Il primo ospite è Enzo Iacchetti. Da febbraio sarà in tour teatrale a presentare il suo cd “Chiedo scusa al signor Gaber”. Festeggia in questo periodo i suoi trenta anni di carriera e ricorda di come lui e Fazio si sono conosciuti proprio in quel periodo (Iacchetti aveva 27 anni e Fazio 15). Era molto legato a Gaber (che considera assieme a Jannacci il suo maestro) e vi ha collaborato nei suoi ultimi anni di vita. Pensava fosse brutto fare un album su Gaber subito dopo la sua morte e così ci ha messo qualche anno per decidersi a farlo. Gaber sarà insostituibile come tutti i grandi e non avrà mai successori; ma è una cosa apprezzabile interpretare e tenere in vita la sua opera.

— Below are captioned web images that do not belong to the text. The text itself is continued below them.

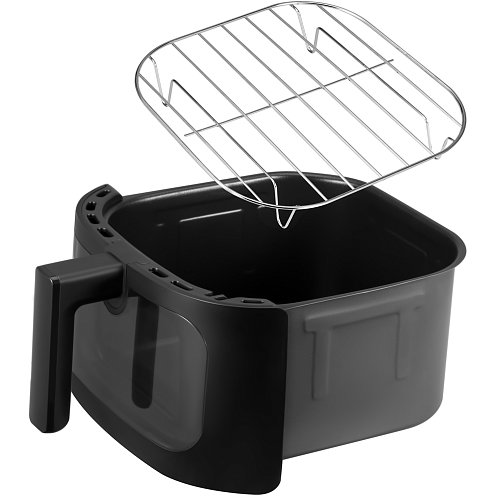 Four électrique à convection Polaris PAF 8005W Wi-Fi IQ Home фото 10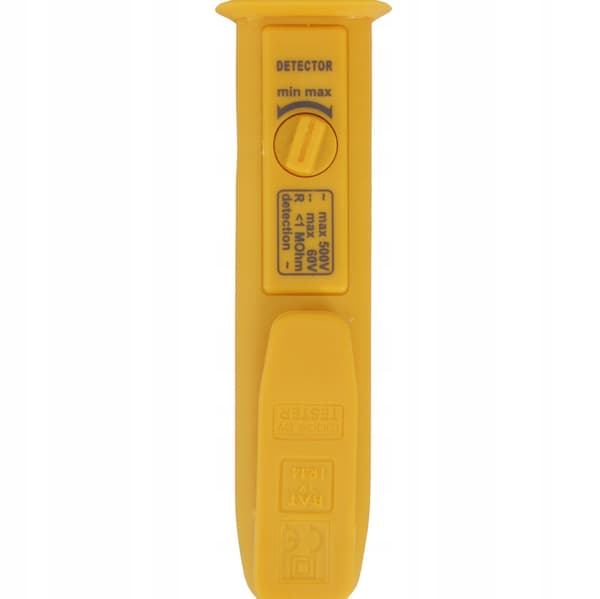 SUNCO FAZER DETECTOR 777 spændingstester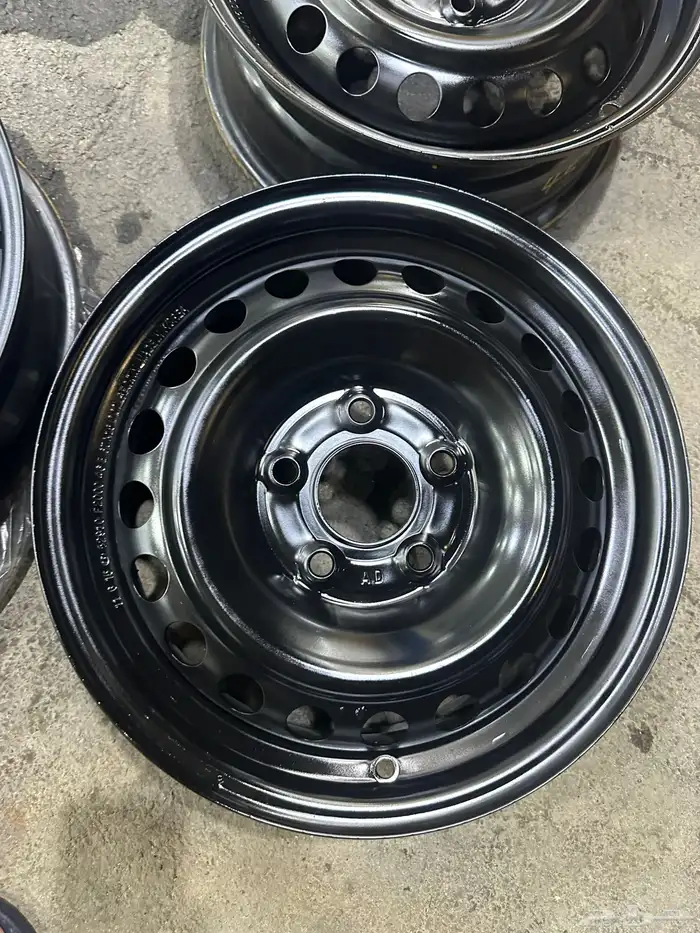 جنوط النترا حديد 2018 اصلي 0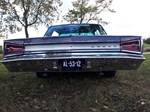 1965 Dodge 880 Custom oldtimer te koop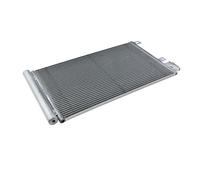 Condensateur de climatisation pour Fiat Linea 323 Berline à hayon 1.4
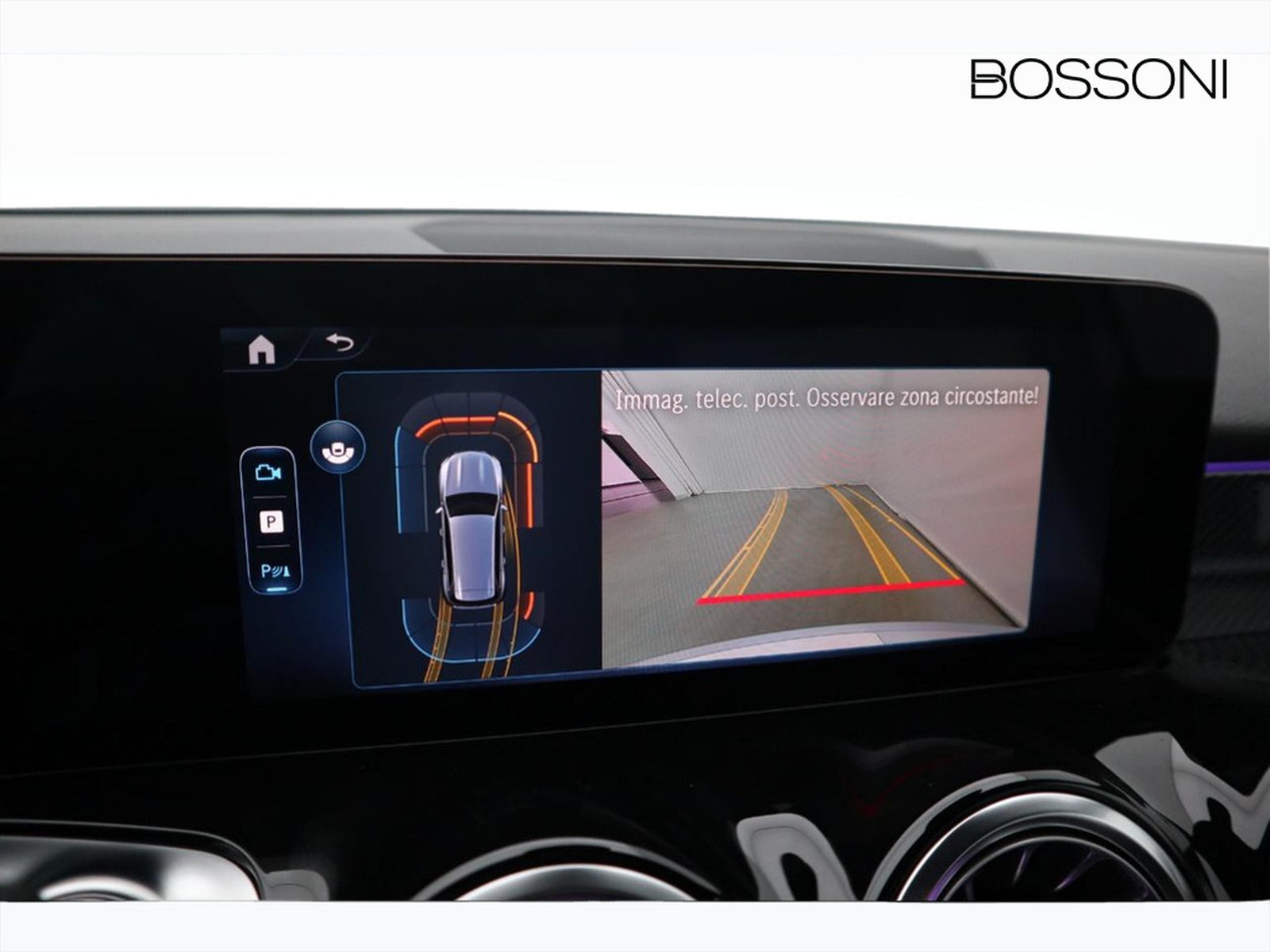 11 - Mercedes GLB 200 d amg line advanced plus 8g-dct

L’altro ospite è Roberto Maroni, ministro degli interni ed esponente della Lega Nord. Per Maroni «la criminalità mafiosa non è un fenomeno locale o territoriale» del Sud, ma «è ampiamente diffusa in altre aree dell’Italia e non solo». Maroni ha parlato di «una sfida» per tutta l’Italia onesta nello sconfiggere le mafie. «Un cancro che si può estirpare», ha aggiunto Maroni «perché si può vivere meglio di ora senza la criminalità organizzata». Che, «crea legami perversi con il mondo delleimprese, della finanza e talvolta della politica», insomma con tutte le attività «dove ci sono i soldi». Conosco Roberto Saviano  – aggiunge ancora Maroni -– che ha grandi meriti per aver divulgato queste realtà, di Caserta e dei Casalesi, dove c’è una concentrazione effettivamente forte, addirittura un soffocamento della civiltà, ma – ha aggiunto il titolare del Viminale – purtroppo la criminalità è ampiamente diffusa in altre realtà italiane e non solo». Una tesi tra l’altro ribadita dallo stesso Saviano nel suo best-seller «Gomorra», che proprio qualche settimana fa al settimanale Panorama aveva definito Maroni «il miglior ministro degli Interni di sempre», pur auspicando che tra le misure da adottare il governo ponesse più attenzione agli aspetti legislativi oltre che agli aspetti di ordine pubblico, nel contrastare le mafie. Oltre alle misure di tipo militare e poliziesco serve per Maroni «una ribellione, una rivolta» contro la mafia. «Senza atti eroici – ha precisato – ma attraverso ad esempio anche la semplice denuncia di un tentativo di estorsione, confidando nelle forze dell’ordine e nella magistratura», evitando così di essere costretti a vivere sotto la cappa dell’oppressione.